= Hessian automatic differentiation =

In applied mathematics, Hessian automatic differentiation are techniques based on automatic differentiation (AD)
that calculate the second derivative of an $n$-dimensional function, known as the Hessian matrix.

When examining a function in a neighborhood of a point, one can discard many complicated global aspects of the function and accurately approximate it with simpler functions. The quadratic approximation is the best-fitting quadratic in the neighborhood of a point, and is frequently used in engineering and science. To calculate the quadratic approximation, one must first calculate its gradient and Hessian matrix.

Let $f: \mathbb{R}^n \rightarrow \mathbb{R}$, for each $x \in \mathbb{R}^n$ the Hessian matrix $H(x) \in \mathbb{R}^{n \times n}$ is the second order derivative and is a symmetric matrix.

== Reverse Hessian-vector products ==

For a given $u \in \mathbb{R}^n$, this method efficiently calculates the Hessian-vector product $H(x)u$. Thus can be used to calculate the entire Hessian by calculating $H(x)e_i$, for $i = 1, \ldots, n$.

The method works by first using forward AD to perform $f(x) \rightarrow u^T\nabla f(x)$, subsequently the method then calculates the gradient of $u^T \nabla f(x)$ using Reverse AD to yield $\nabla \left( u \cdot \nabla f(x)\right) = u^T H(x) = (H(x)u)^T$. Both of these two steps come at a time cost proportional to evaluating the function, thus the entire Hessian can be evaluated at a cost proportional to n evaluations of the function.

== Reverse Hessian: Edge_Pushing==
An algorithm that calculates the entire Hessian with one forward and one reverse sweep of the computational graph is Edge_Pushing. Edge_Pushing is the result of applying the reverse gradient to the computational graph of the gradient. Naturally, this graph has n output nodes, thus in a sense one has to apply the reverse gradient method to each outgoing node. Edge_Pushing does this by taking into account overlapping calculations.

Example execution of Edge_Pushing

The algorithm's input is the computational graph of the function. After a preceding forward sweep where all intermediate values in the computational graph are calculated, the algorithm initiates a reverse sweep of the graph. Upon encountering a node that has a corresponding nonlinear elemental function, a new nonlinear edge is created between the node's predecessors indicating there is nonlinear interaction between them. See the example figure on the right. Appended to this nonlinear edge is an edge weight that is the second-order partial derivative of the nonlinear node in relation to its predecessors. This nonlinear edge is subsequently pushed down to further predecessors in such a way that when it reaches the independent nodes, its edge weight is the second-order partial derivative of the two independent nodes it connects.
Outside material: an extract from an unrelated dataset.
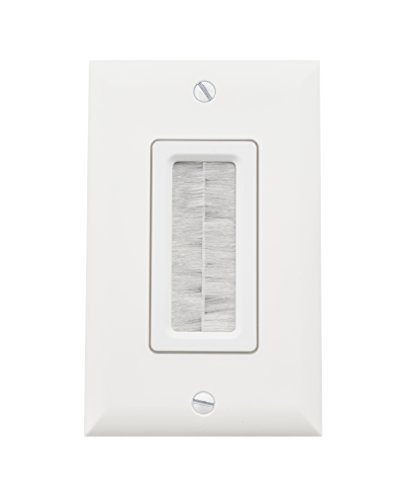 Legrand - OnQ Legrand, Home Office & Theater, In Wall Management Kit, Pass Through, Cable Access Brush Strap, WP1014WHV1, 1 Pack, White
== Graph colouring techniques for Hessians ==

The graph colouring techniques explore sparsity patterns of the Hessian matrix and cheap Hessian vector products to obtain the entire matrix. Thus these techniques are suited for large, sparse matrices. The general strategy of any such colouring technique is as follows.

1. Obtain the global sparsity pattern of $H$
2. Apply a graph colouring algorithm that allows us to compact the sparsity structure.
3. For each desired point $x \in \mathbb{R}^n$ calculate numeric entries of the compact matrix.
4. Recover the Hessian matrix from the compact matrix.

Steps one and two need only be carried out once, and tend to be costly. When one wants to calculate the Hessian at numerous points (such as in an optimization routine), steps 3 and 4 are repeated.

| Coloured Sparsity pattern of the Hessian Matrix | The compact Hessian matrix |
As an example, the figure on the left shows the sparsity pattern of the Hessian matrix where the columns have been appropriately coloured in such a way to allow columns of the same colour to be merged without incurring in a collision between elements.

There are a number of colouring techniques, each with a specific recovery technique. For a comprehensive survey, see. There have been successful numerical results of such methods.